**How to complete this task**. Copying rule for the data below: take the line containing "Sinks, Soft-Close Hardware" and every line after it to the end, exactly, and drop all pictures.

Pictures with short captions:
****************

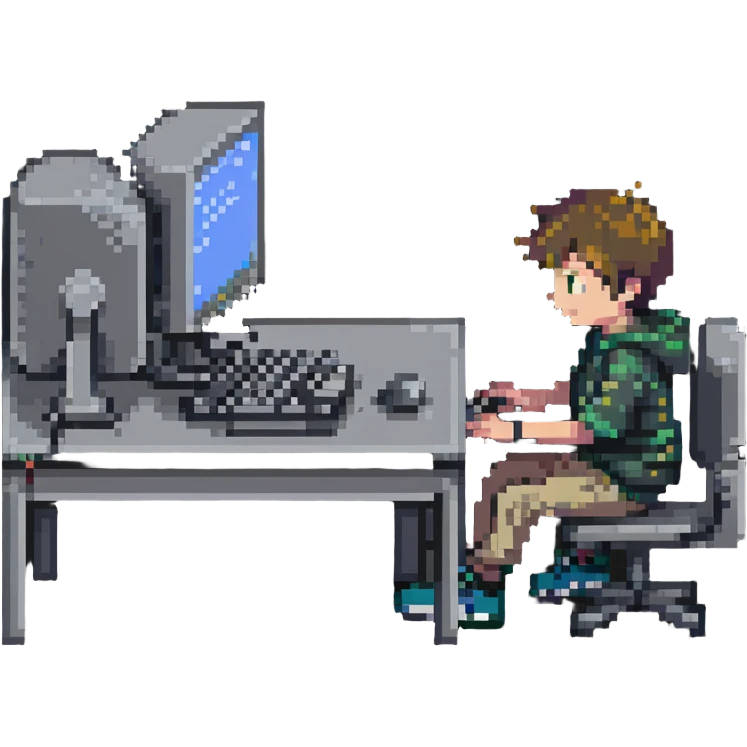 a boy coding on a computer emoji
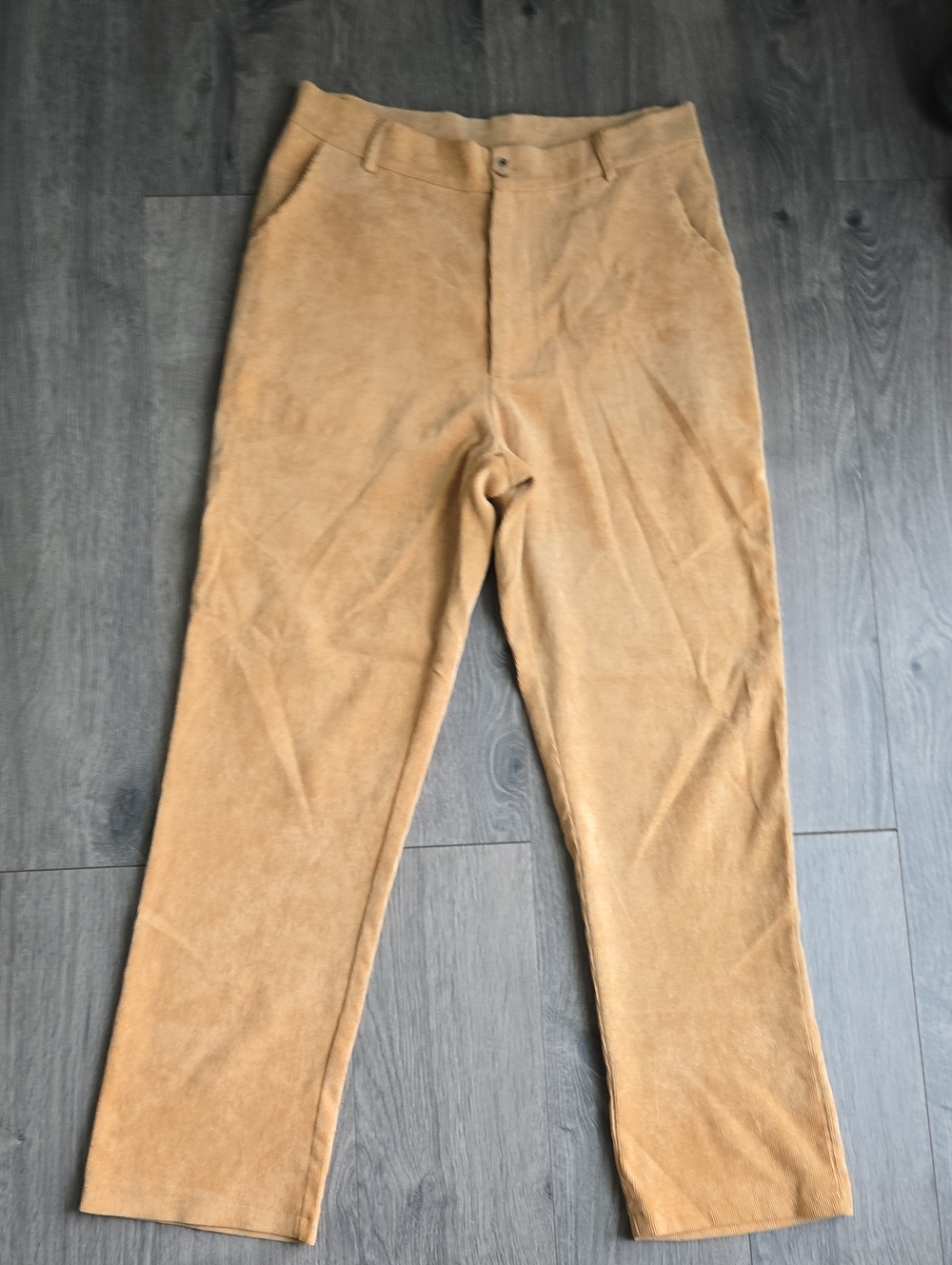 Men's Tan Corduroy Pants - Classic Straight Fit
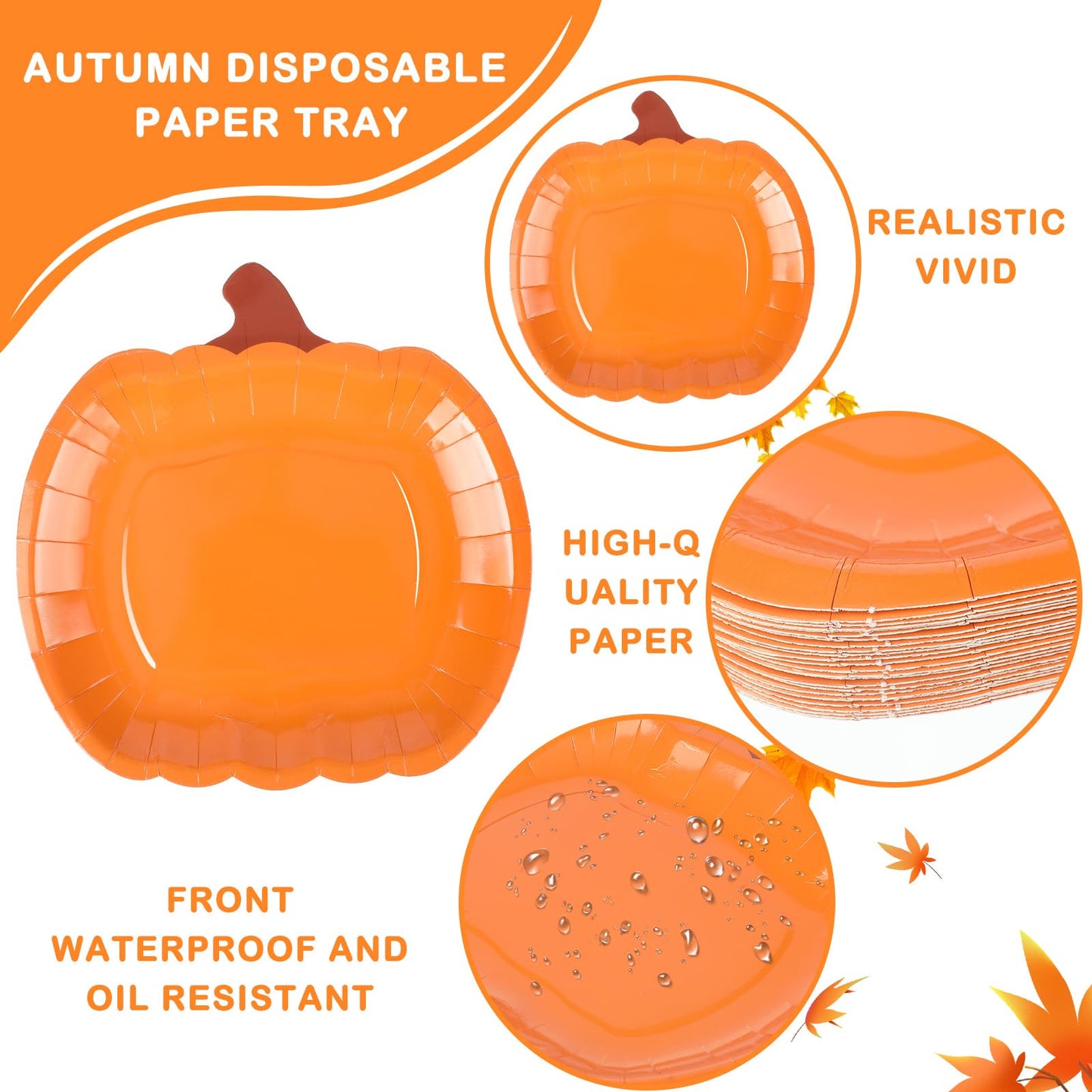Dandat 50 Pcs Fall Pumpkin Disposable Paper Plates 9 Inch Thanksgiving Harvest Party Plates Orange Round Dinner Decor Halloween Party Favors for Autumn Kitchen Home Dining Supplies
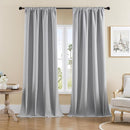 Joydeco Faux Linen Blackout Curtains for Bedroom,Light Grey Blackout Curtains 120 inches long,100% Blackout Solid Thermal Insulated Window Drapes Luxury Decor for Living Room（W52xL120 Inch,Light Grey） by TinyTreasures Baby Boutique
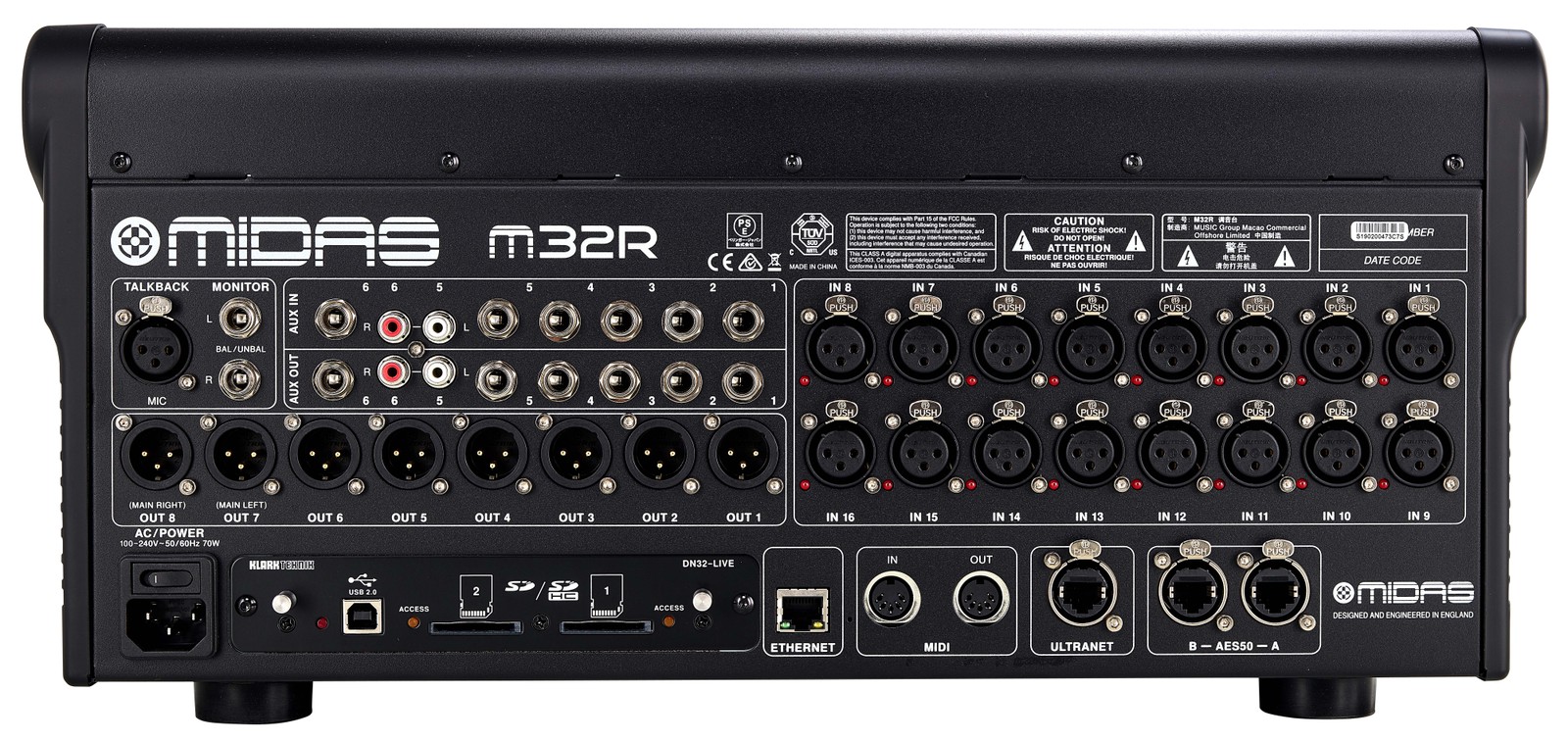 Midas M32R Live Digitalmischpult Anschlüsse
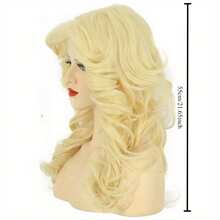 1pcs 70s Light Gold Split Long Wig With Big Waves, Fluffy Outward Long Curly Hair Design, Women's Photo Party Atmosphere, Full Top Hair Set - Gold - View 4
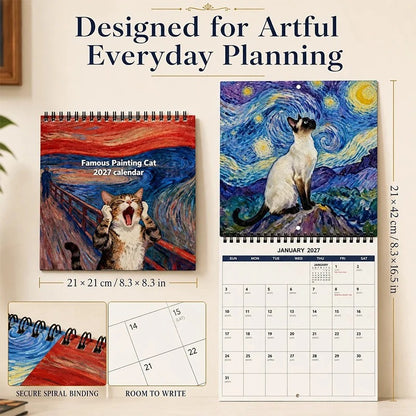 🔥Last Day 49% off🔥2027 Cat Art Wall Calendar – 12 Feline Masterpieces✨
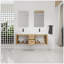 60" Wall Mounted Floating Double Sink Bathroom Vanity, Light Oak Plywood Cabinet with Drawers & Doors, Extra-Large Storage, Integrated Resin Sinks, Soft-Close Hardware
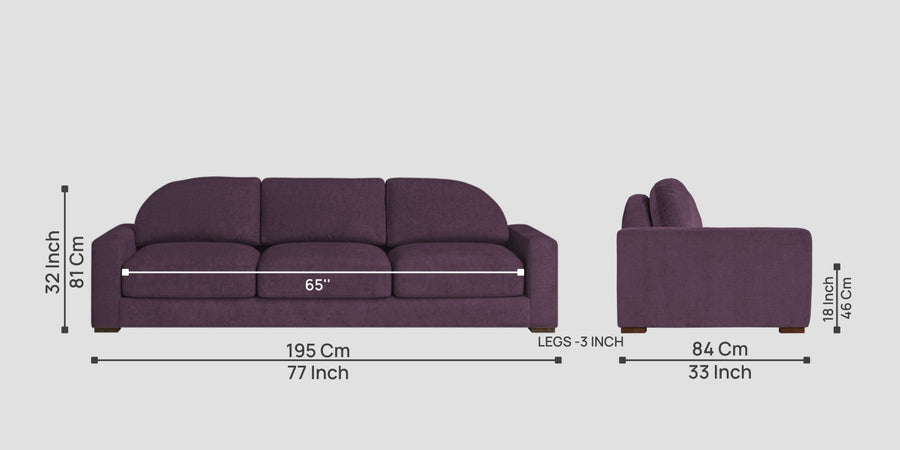 Dara Fabric 3 Seater Sofa In Greek Purple Colour - Febonic Living
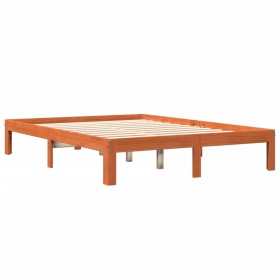 vidaXL Massivholzbett ohne Matratze Wachsbraun 135x190 cm Kiefernholz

****************

**Exercise response**.
 60" Wall Mounted Floating Double Sink Bathroom Vanity, Light Oak Plywood Cabinet with Drawers & Doors, Extra-Large Storage, Integrated Resin Sinks, Soft-Close Hardware
 Dara Fabric 3 Seater Sofa In Greek Purple Colour - Febonic Living
 vidaXL Massivholzbett ohne Matratze Wachsbraun 135x190 cm Kiefernholz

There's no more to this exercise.